Selon l'Organisation mondiale de la Santé, le nombre de personnes aveugles ou malvoyantes au Brésil était estimé à six millions d'individus en 2010. Quand on sait la place que tient le football dans la culture brésilienne, il y a fort à parier qu'une bonne partie de ces personnes s'intéressent au ballon rond. Aujourd'hui, ces fans ont la possibilité de vivre une expérience inédite, grâce à la mise en place d'un service d'audiodescription conçu pour les spectateurs aveugles ou malvoyants.  

La FIFA a lancé cette initiative novatrice à l'occasion de la Coupe du Monde 2014, mais son implication et son soutien se prolongent bien au-delà de la compétition proprement dite.
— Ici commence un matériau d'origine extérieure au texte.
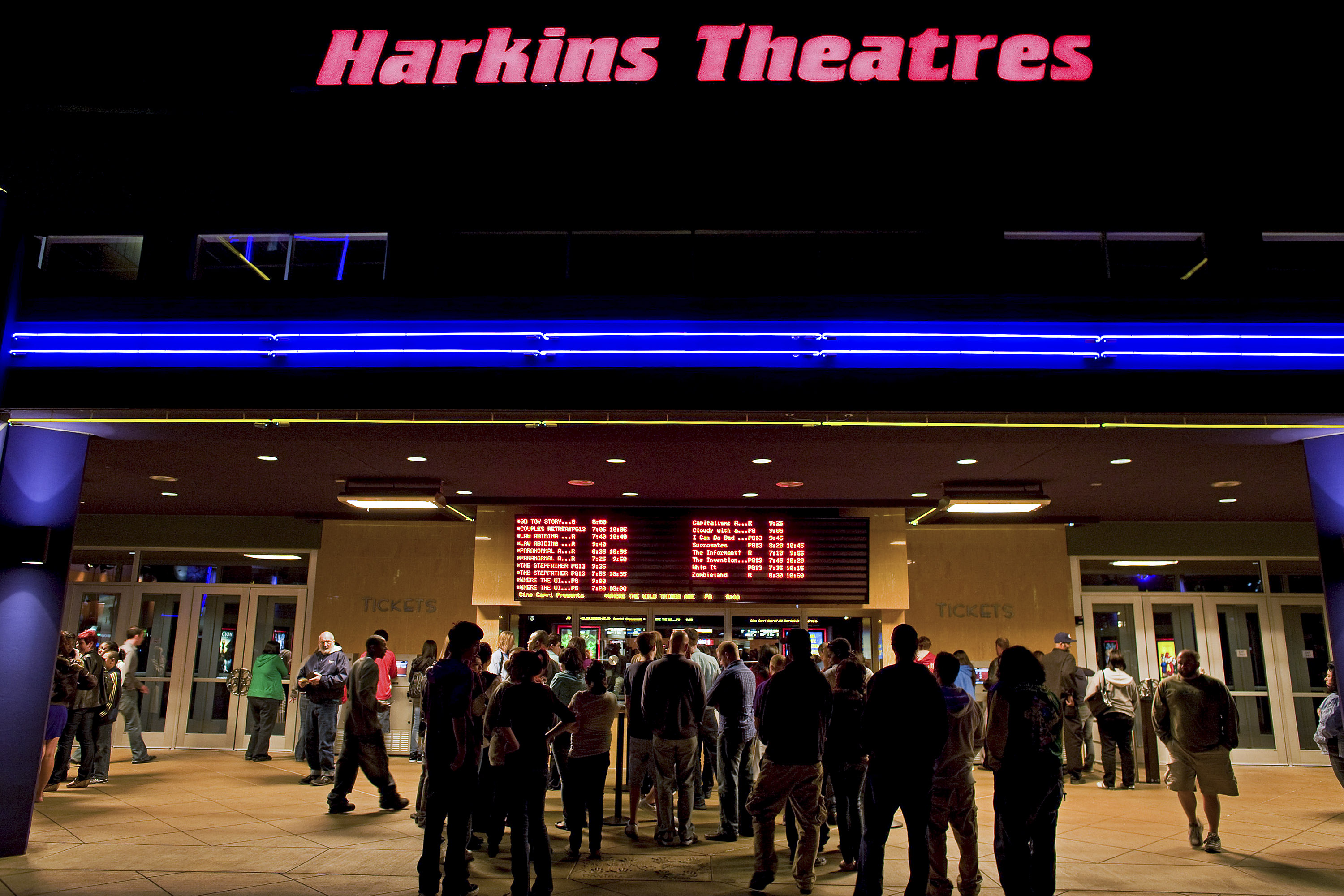 Harkins Theaters Will Reopen Its Denver Area Movie Theaters On Friday Cbs Denver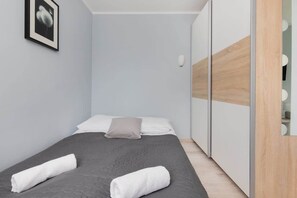 1 habitación, tabla de planchar con plancha, wifi y ropa de cama 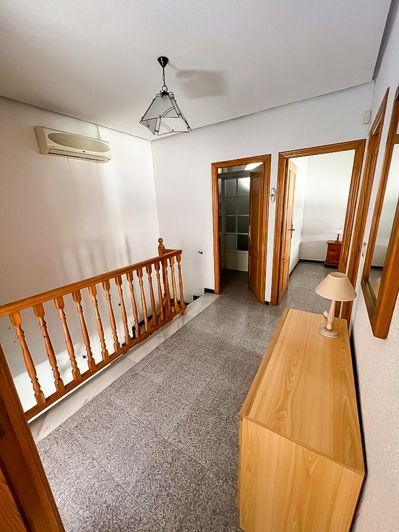 Image No.25-4 Bed Townhouse for sale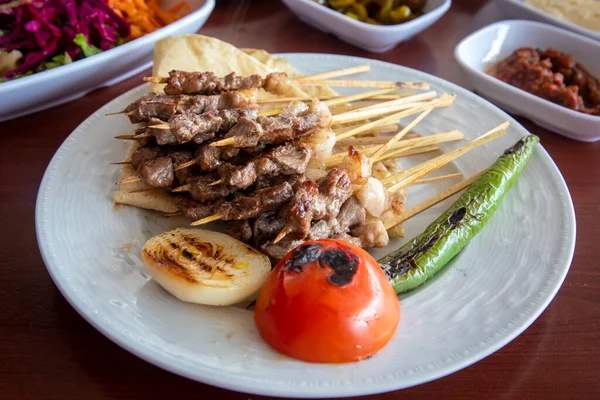 Comidas Turcas Deliciosas Tradicionales Pinchos Nombre Turco Policía Sis —  Fotos de Stock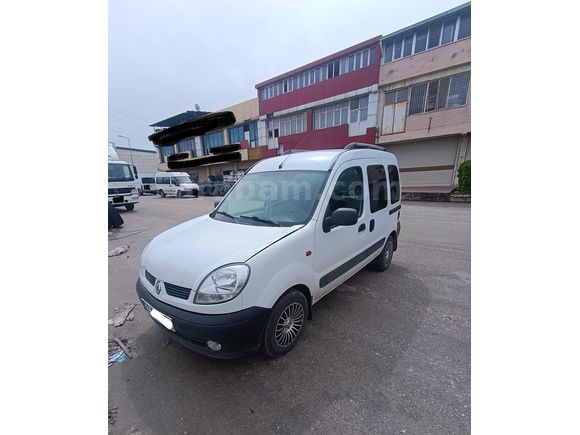 HUSUSİ OTOMOBİL RUHSATLI KLİMALI KANGOO 1.5 DİZEL AİLE ARACI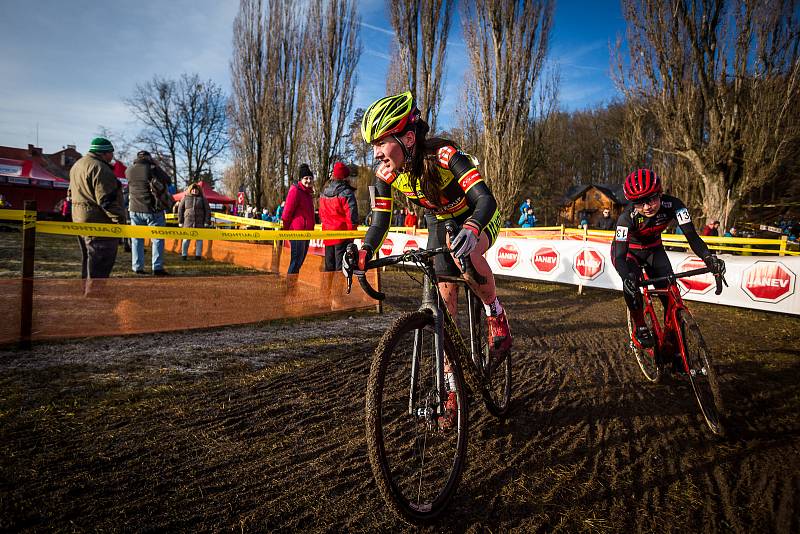 Tereza Švihálková z ČEZ CT Tábor jela v Jičíně výborně. Foto: Deník/ cyklokros.cz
Des organisations non-gouvernementales comme Urece - Esporte e Cultura para Cegos ou le Centre for Access to Football in Europe ont joint leurs forces à celles de la FIFA pour proposer un service de commentaire dans quatre stades de l'épreuve suprême : Belo Horizonte, Brasilia, Rio de Janeiro et Sao Paulo. L'énorme succès rencontré par ce projet durant le tournoi a encouragé la FIFA à faire don de l'équipement radio à Urece. Dans la foulée, l'instance dirigeante du football mondial s'est engagée à financer l'ONG pour faire de cette innovation une habitude dans les stades brésiliens. Un premier pas a été franchi en octobre puisque tous les matches du championnat national au Maracanã proposeront désormais un service d'audiodescription.  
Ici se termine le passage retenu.